He escuchado estos días la frase más triste del año: la vida nos mata lentamente. No el trabajo o la enfermedad o el desamor. La vida en general. Como si hubiera un síndrome del quemado por la vida. Los síntomas con los que se suele identificar la que se considera la gran enfermedad laboral del siglo XXI pueden extenderse al estado de malestar general que nos ahoga: despersonalización, agotamiento crónico y falta de perspectivas. No sabemos a qué atribuirlo o a quién culpar. La vida es un jefe desalmado que nos somete a sus caprichos y nos asfixia con sus vaivenes. Este año se va envuelto en una atmósfera enrarecida y dejando un poso de tristeza que no sabemos a qué se debe. Podemos pensar en el persistente virus que permanecía agazapado para resurgir en el momento más inoportuno, empeñado en ser el protagonista de la fiesta. Hace un año nos animábamos unos a otros diciendo que de esta saldríamos mejores. Ahora empieza a calar la idea de que de esta no saldremos de ninguna manera. Y no saldremos porque este es el mundo en el que vivimos, el que hemos construido a conciencia.

No es casualidad que uno de los grandes temas de nuestros días sea el suicidio. No en el sentido del dilema sobre las razones para vivir.

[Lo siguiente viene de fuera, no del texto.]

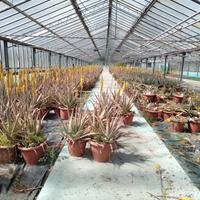 attività di ALOE VERA - produzione ingrosso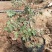 芍药牡丹盆栽绿化芍药牡丹基地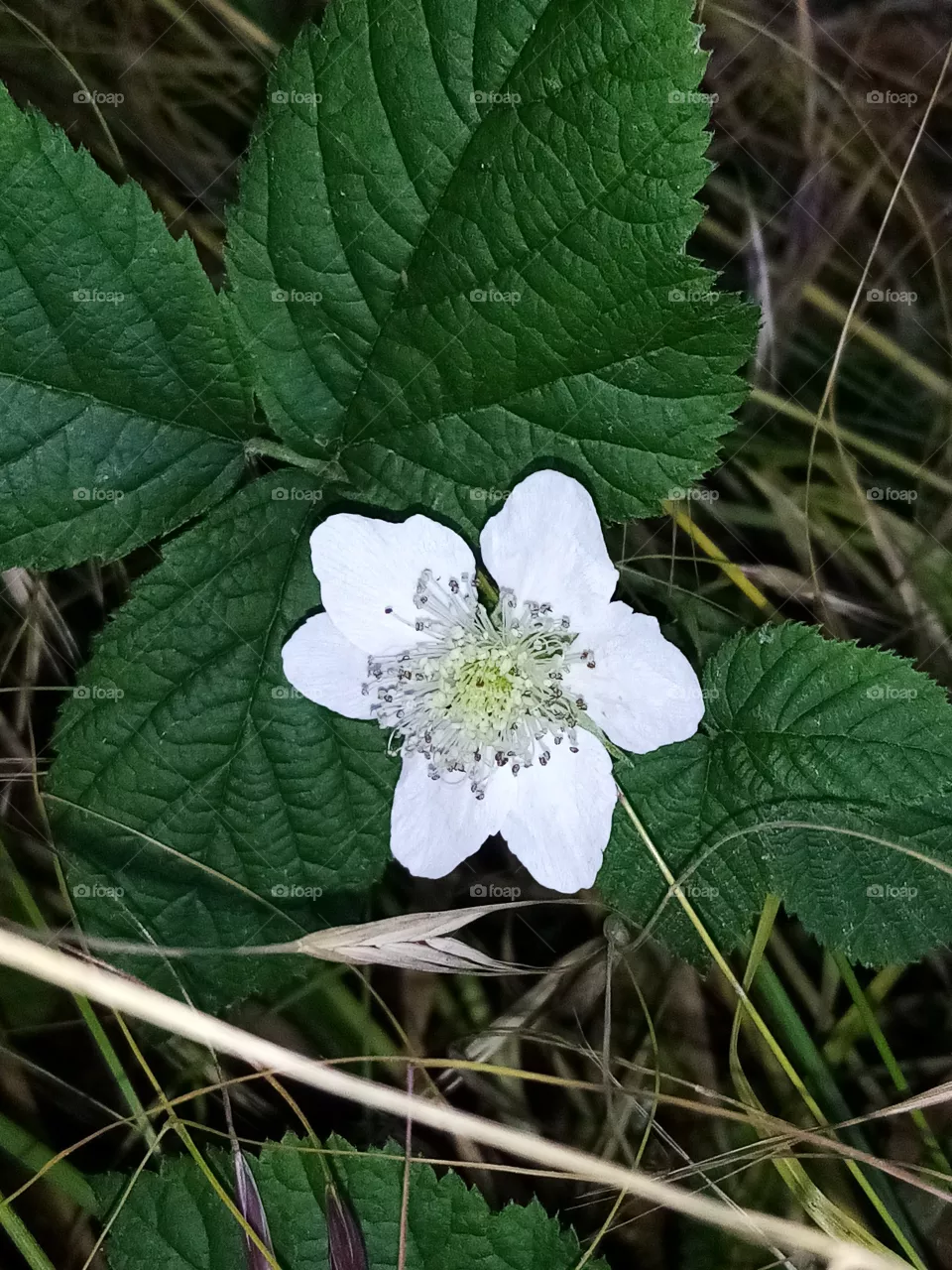Blume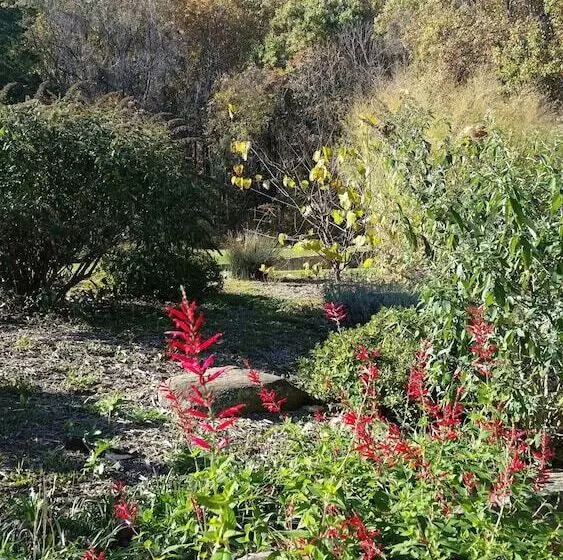 Aamiaismajoitus (B&B) Stone Manor Boutique Inn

Esa etapa ya está abandonada, una vez constatado que no hay ninguna razón. Sino en el sentido que le atribuyen los técnicos de la OMS como la consecuencia de una de las grandes enfermedades del siglo XXI, la depresión. Aunque no hay evidencias de un aumento de suicidios con respecto a otras épocas, por algún motivo ahora esa realidad reclama nuestra atención y se repiten como una letanía incomprensible las cifras que no sabemos si interpretar como espantosas o normales: diez personas se quitan la vida cada día en España, una lo hace cada cuarenta segundos en todo el mundo. Cuando uno está quemado siente la vida como una amenaza, algo dañino que infunde miedo. Nos paraliza la mente y el cuerpo: atrapados en la tristeza y la ansiedad, no podemos pensar ni sentir. Al tiempo que no sabemos dónde ir, nos vemos empujados a ir a alguna parte. Donde sea.

Son los dos factores del suicidio: la desesperanza y la impulsividad. No hay señales ni caminos. Y nadie nos acompaña. La publicidad, que siempre rema a favor de la corriente y que suele actuar como un médico que fuera capaz de hacer un diagnóstico preciso de la enfermedad, pero que careciera de las medicinas más básicas para aplacarla aparte de un puñado de tiritas, parece haber captado este malestar general y ofrece estos días uno de sus pobres remedios con el sofisticado lema de #viviresacojonante.

Pero hay un anuncio que sí nos ilumina el camino. Vuelve todos los inviernos. Exactamente mañana.